**Brief:** Return, word for word, the lines of the listing below from the one with "Best Swedemount Östersund" through the one with "Cattier مزيل عرق", and no other lines.

**Data excerpts:**

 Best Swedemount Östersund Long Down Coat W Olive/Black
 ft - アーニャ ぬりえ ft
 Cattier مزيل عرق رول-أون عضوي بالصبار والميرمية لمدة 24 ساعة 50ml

...

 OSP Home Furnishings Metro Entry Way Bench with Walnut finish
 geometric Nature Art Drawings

**Task output:**
 Best Swedemount Östersund Long Down Coat W Olive/Black
 ft - アーニャ ぬりえ ft
 Cattier مزيل عرق رول-أون عضوي بالصبار والميرمية لمدة 24 ساعة 50ml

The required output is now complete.